— PROVIDED DATA —
----------
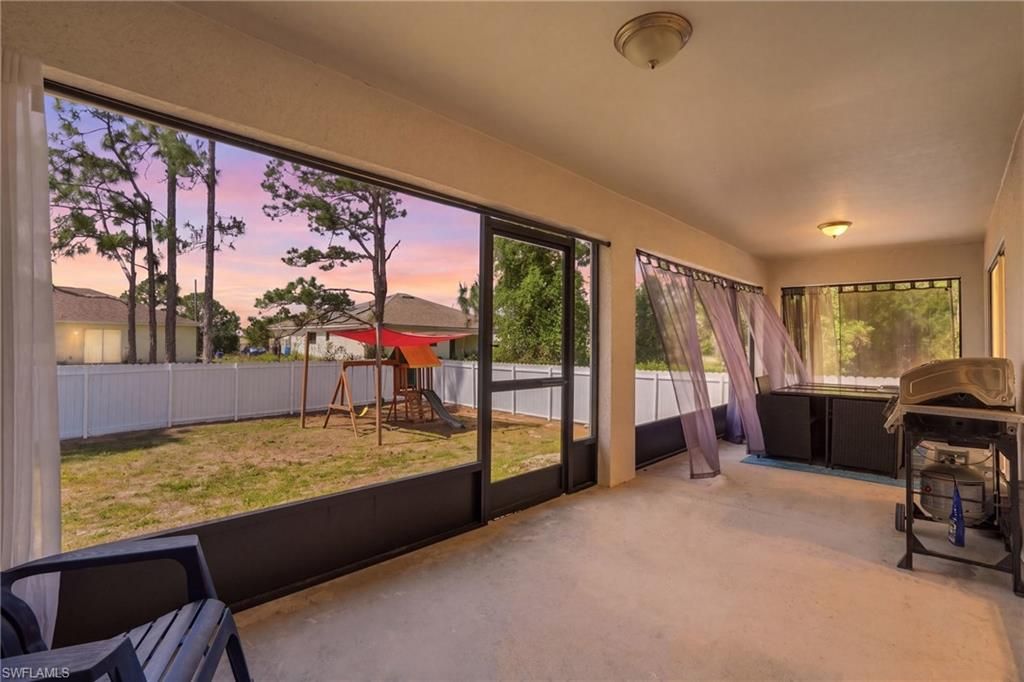 Photo of 2907 18th ST SW, LEHIGH ACRES, FL 33976 (MLS # 226017776)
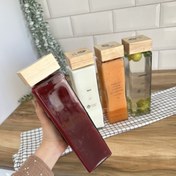 تصویر بطری آب چهارگوش درب مکعبی 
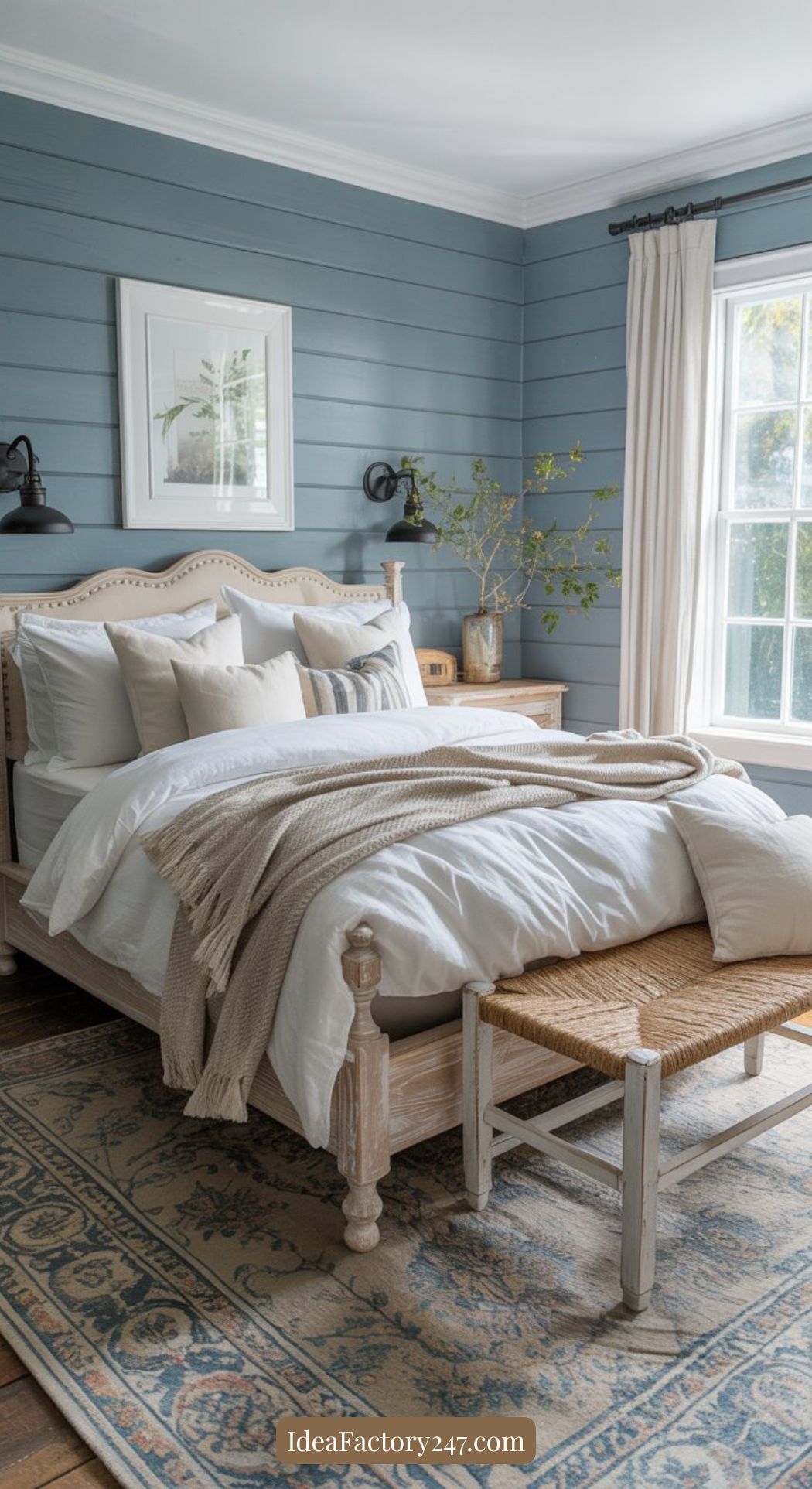 A cozy bedroom with a light wood bed, white bedding, beige throw, woven bench, blue paneled walls, large window with white curtains, wooden nightstand, plants, and a patterned rug on a hardwood floor.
----------
— ACTIVITY —
Without including a single picture, restate all of the data word for word.

— COMPLETED TASK —
 Photo of 2907 18th ST SW, LEHIGH ACRES, FL 33976 (MLS # 226017776)
 تصویر بطری آب چهارگوش درب مکعبی 
 A cozy bedroom with a light wood bed, white bedding, beige throw, woven bench, blue paneled walls, large window with white curtains, wooden nightstand, plants, and a patterned rug on a hardwood floor.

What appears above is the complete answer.